From the line that holds "Душевой уголок Good" to the end of the records, reproduce every line exactly. No pictures.

(Collection entries)
####################
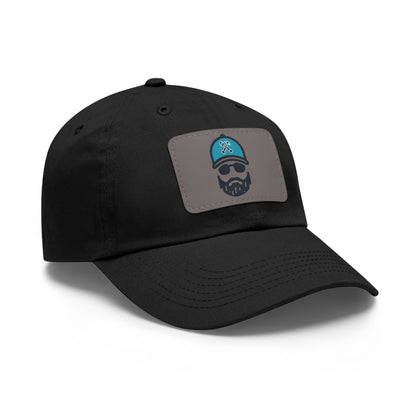 The Dada Leather Patch Dad Hat Black Grey patch Hats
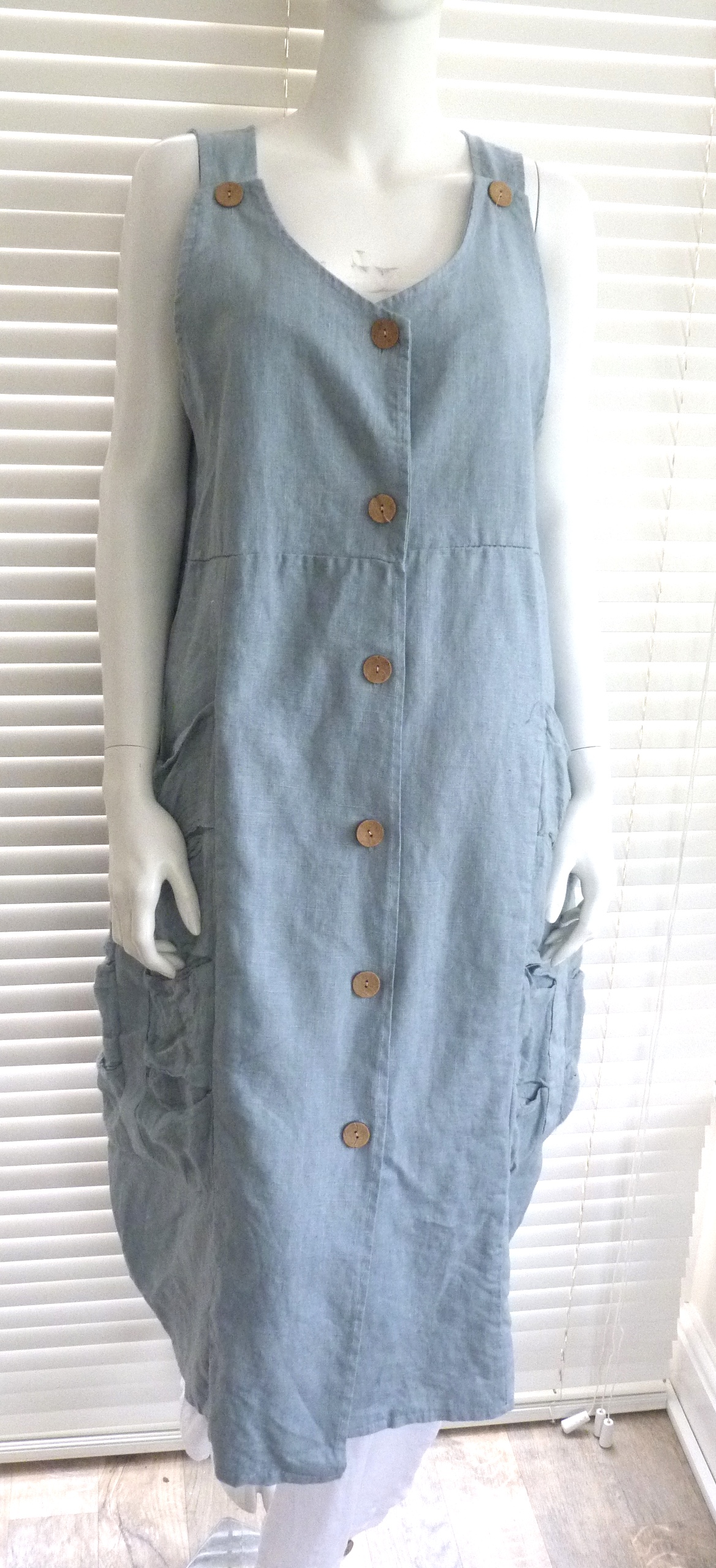 Ladies lagenlook quirky linen pinafore dress with pockets – Harriet | eBay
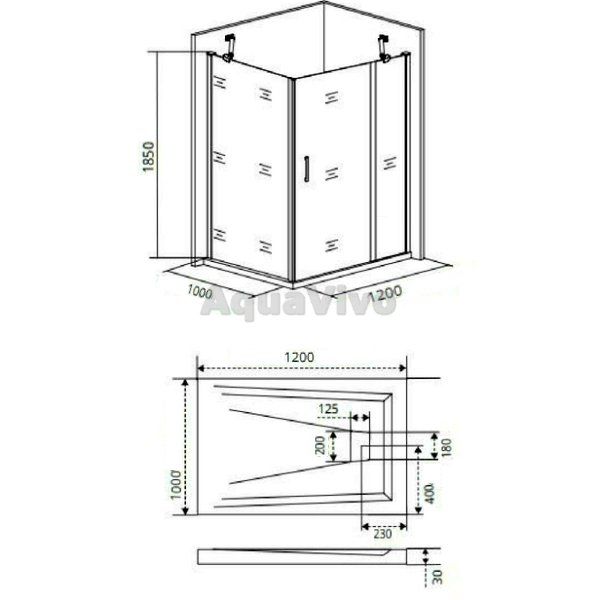 Душевой уголок Good Door Mokka WTW+SP-C-WE 120x100, стекло прозрачное, профиль белый - фото 1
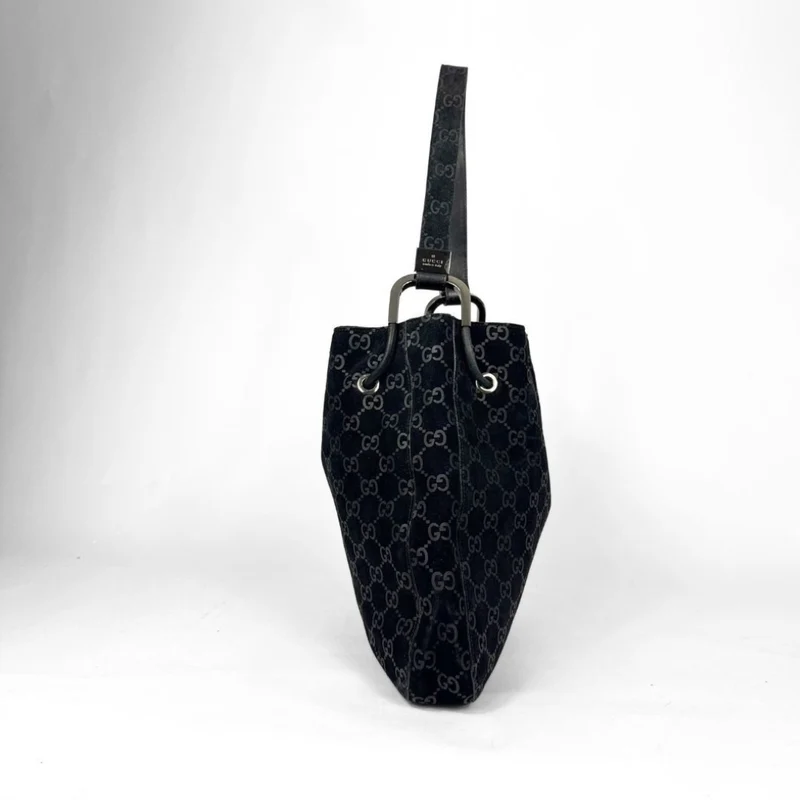 Gucci GG Schultertasche aus schwarzem Wildleder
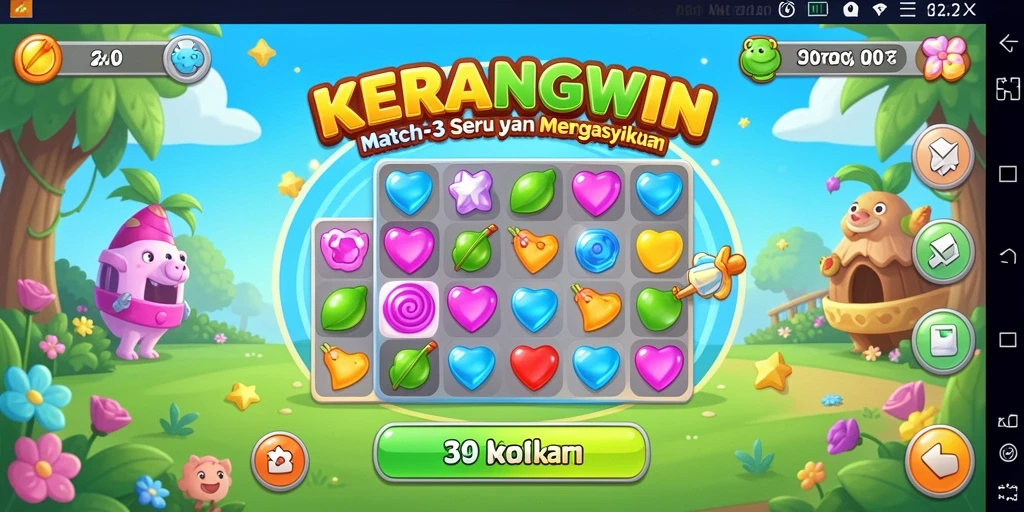 Tampilan gameplay KERANGWIN dengan kerang yang berwarna-warni dan tantangan seru.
####################
» TASK ANSWER
 Душевой уголок Good Door Mokka WTW+SP-C-WE 120x100, стекло прозрачное, профиль белый - фото 1
 Gucci GG Schultertasche aus schwarzem Wildleder
 Tampilan gameplay KERANGWIN dengan kerang yang berwarna-warni dan tantangan seru.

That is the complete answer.